Como se percebe, o art. 149-A é um crime de conduta mista, formado por oito verbos nucleares, alguns, inclusive, são sinônimos (visto acima).
Destaca-se que o crime só estará caracterizado quando o agente agir com grave ameaça, violência, coação, fraude ou abuso, com as finalidades constantes nos itens acima.
Havendo consentimento válido da vítima, ou seja, o ofendido concorda em ser traficado com as finalidades descritas acimas, haverá a exclusão de tipicidade, conforme previsão constante nos documentos internacionais do qual o Brasil é signatário.

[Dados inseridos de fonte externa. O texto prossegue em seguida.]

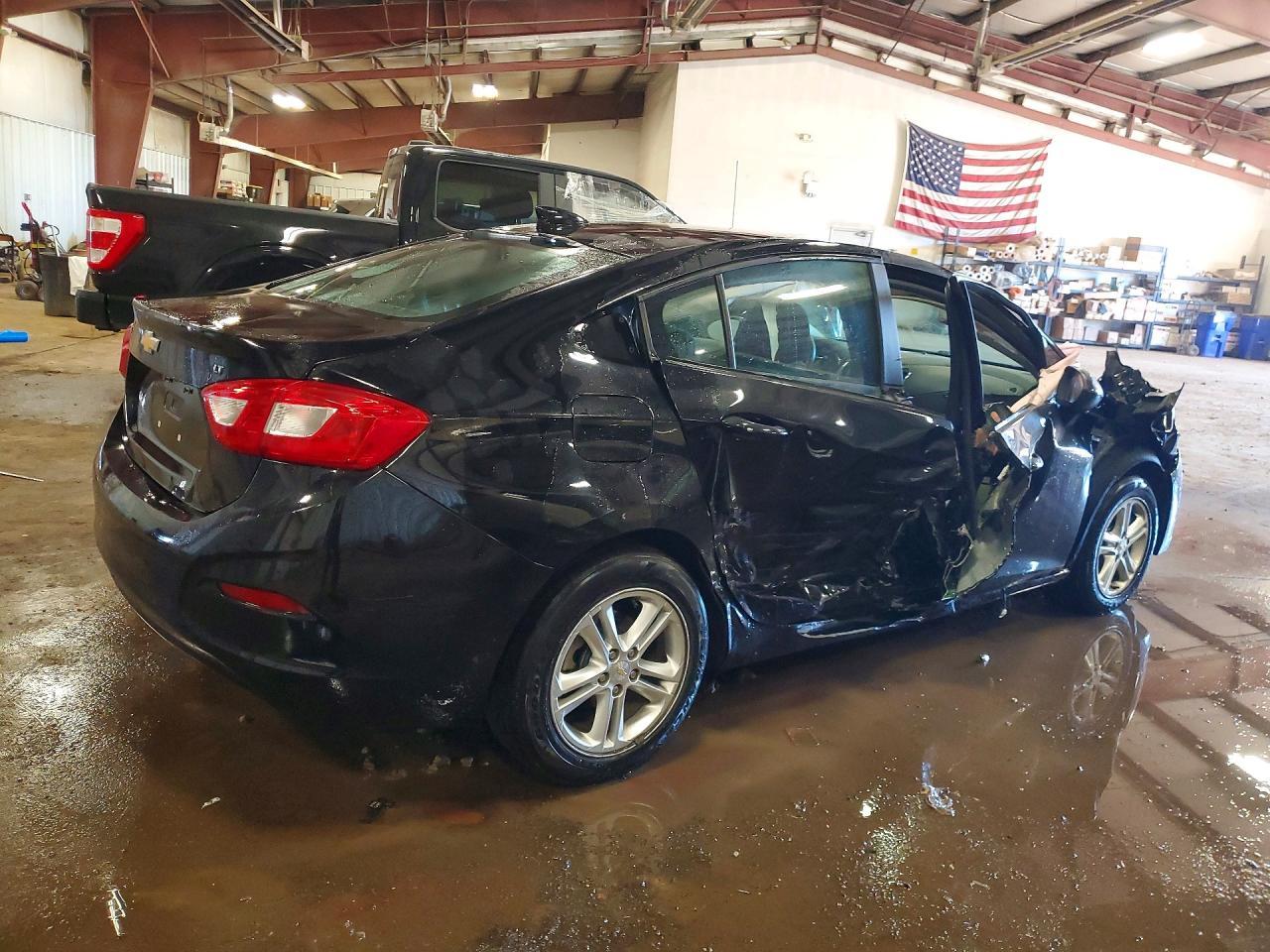 2017 Chevrolet Cruze Lt - Фото 3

ATENÇÃO!! Para que o consentimento exclua a tipicidade, deve ser um consentimento válido. Não será considerado quando for concedido mediante grave ameaça, uso de força, com abuso de autoridade, tratando-se de vítima vulnerável, bem como quando o consentimento for dado visando uma contraprestação (coloca-se na condição de traficância visando receber pagamento ou benefício).
2.3. SUJEITO ATIVO
O tipo penal não exige qualidade ou condição especial do agente. Assim, trata-se de crime comum, podendo ser praticado por qualquer pessoa.

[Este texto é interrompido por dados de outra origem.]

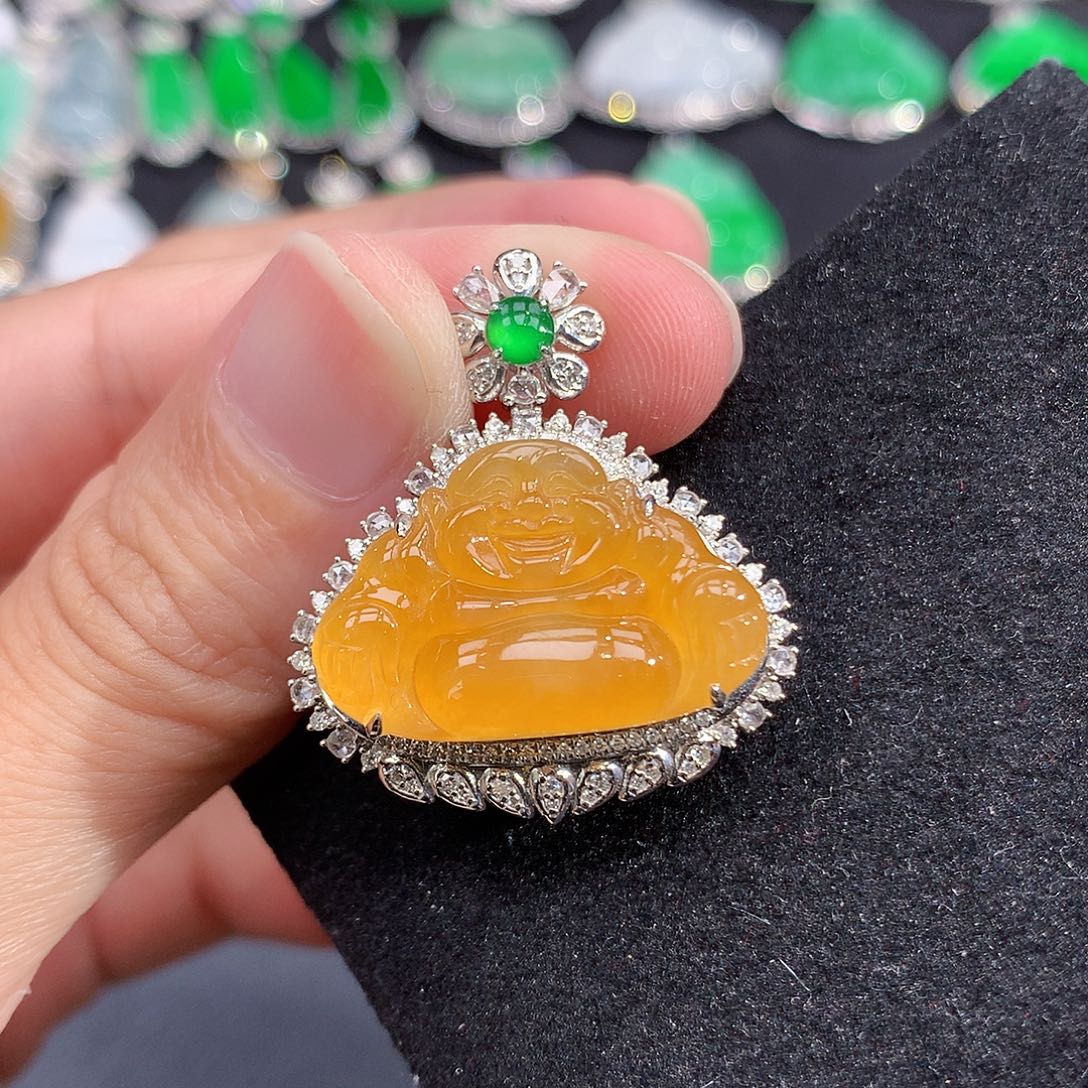 翡翠18K金镶嵌颈饰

Inclusive, dependendo de quem o pratica (funcionário público, parentes), estar-se-á diante de uma causa de aumento.
2.4. SUJEITO PASSIVO
Não se exige qualidade especial da vítima, trata-se de crime comum. Aliás, a depender da vítima (criança, adolescente, pessoa com deficiência, idoso), ter-se-á uma causa de aumento.
2.5. ELEMENTO SUBJETIVO
É o dolo, sendo imprescindível a finalidade especial animando o traficante, são elas:
f) Remover órgãos, tecidos ou partes do corpo
g) Submeter a trabalho em condições análogas a de escravo
h) Submeter a qualquer tipo de servidão
i) Adoção ilegal
j) Exploração sexual
2.6. CONSUMAÇÃO E TENTATIVA
A consumação ocorre mediante a realização de qualquer um dos oito núcleos constantes no art. 149-A.
Alguns núcleos são típicos de delitos permanentes, ou seja, a consumação se protraí no tempo.
Admite-se tentativa.
O crime se consuma, independentemente, de o agente efetivar a retirada de órgãos, de submeter a vítima a condição análoga de escravos, a servidão, a adoção ilegal ou a exploração sexual.

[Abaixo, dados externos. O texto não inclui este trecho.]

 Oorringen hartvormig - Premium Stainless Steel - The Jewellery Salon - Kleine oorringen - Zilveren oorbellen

2.7. CAUSAS DE AUMENTO DE PENA
A pena será aumentada de 1/3 até a metade se o crime for cometido:
a) Por funcionário público no exercício da função ou a pretexto de exercê-las;
b) Contra criança, adolescente, pessoa com deficiência ou pessoa idosa;
c) Quando o agente se prevalece de relações de parentesco, domésticas, de coabitação, de hospitalidade, de dependência econômica, de autoridade ou de superioridade hierárquica inerente ao exercício de emprego, cargo ou função;
d) Quando a vítima do tráfico de pessoas for retirada do território nacional.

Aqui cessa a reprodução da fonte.